Saying goodbye to APO AE 093XX
On the first page of my address book are these names: Maurice, John, Jeff, Lee, Lyle, and Shama. The thing is that I never wanted to write any of the names in my book.
Writing the name and address meant the person was deployed, most likely to Iraq.
Twenty-one others are on the next four pages or are scattered throughout my book.
Writing the names on the first five pages kept me from searching through the address book to find the names when I would send packages, which I tried to do regularly.
Most of the names are of people I met while serving as a public affairs supervisor at Fort Bragg, N.C., with the 2125th Garrison Support Unit, a unit that came into existence to help the Army process, train and equip Reserve Component soldiers.
Some names are of people I barely knew or didn’t know at all, names of people whom others gave me.
Some names I never put in my address book, as I had jotted down the information on sticky notes or other slips of paper and tucked them into the book’s front pocket. In a few cases, I printed the address from an email message and just never transferred it.

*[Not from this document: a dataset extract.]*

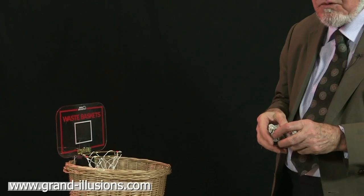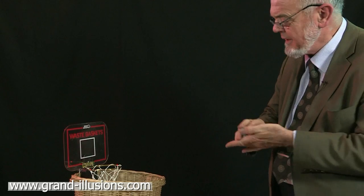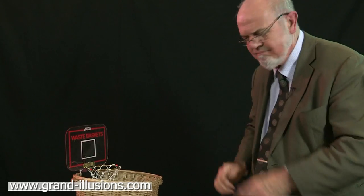Of course if you miss — nothing at all. Got to get it in the hoop. Done it!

Some I know well. One is my son. One is now a dear friend. One is the husband of a good friend. One is someone I’ve known since she was a teenager. One I’ve known since he was in elementary school. One is a cousin.
When I decided to join an Army Reserve unit in Atlanta, I wanted one that wouldn’t deploy overseas. While I do enjoy travel, I’ve never wanted to live in another country for very long, and I decided I didn’t want Uncle Sam to send me somewhere I didn’t want to go. In choosing a unit, I chose one that went to North Carolina when called to duty.
In hindsight, that seems cowardly, particularly in light of those 26 names in my address book and the ones on slips of paper tucked in the pocket.
As each person returned home, I drew a diagonal line through their overseas address. In several cases, I ended up writing the name again with a new address at a new base in Iraq.
Oh, how I hated that even more than writing the name the first time.
The packages I sent were well-received, but I always felt the contents were insignificant. Some home-baked cookies, maybe some home-canned fruit, store-bought wintergreen mints, and a card. Always a card.
I last sent packages to a cousin and two former members of the 2125th GSU a few months ago.
With the exception of the guys who were in my unit, everyone else I’ve sent packages to has returned safely to their families. One just celebrated a birthday in Iraq; the other one I haven’t heard from in a while. More than 4,000 who served never made it home alive.
I hope never to write another name in my address book of anyone going to APO AE 093XX.
I’m glad the war in Iraq is over. To the almost 2 million who served there, including the ones in my address book, thank you, and welcome home.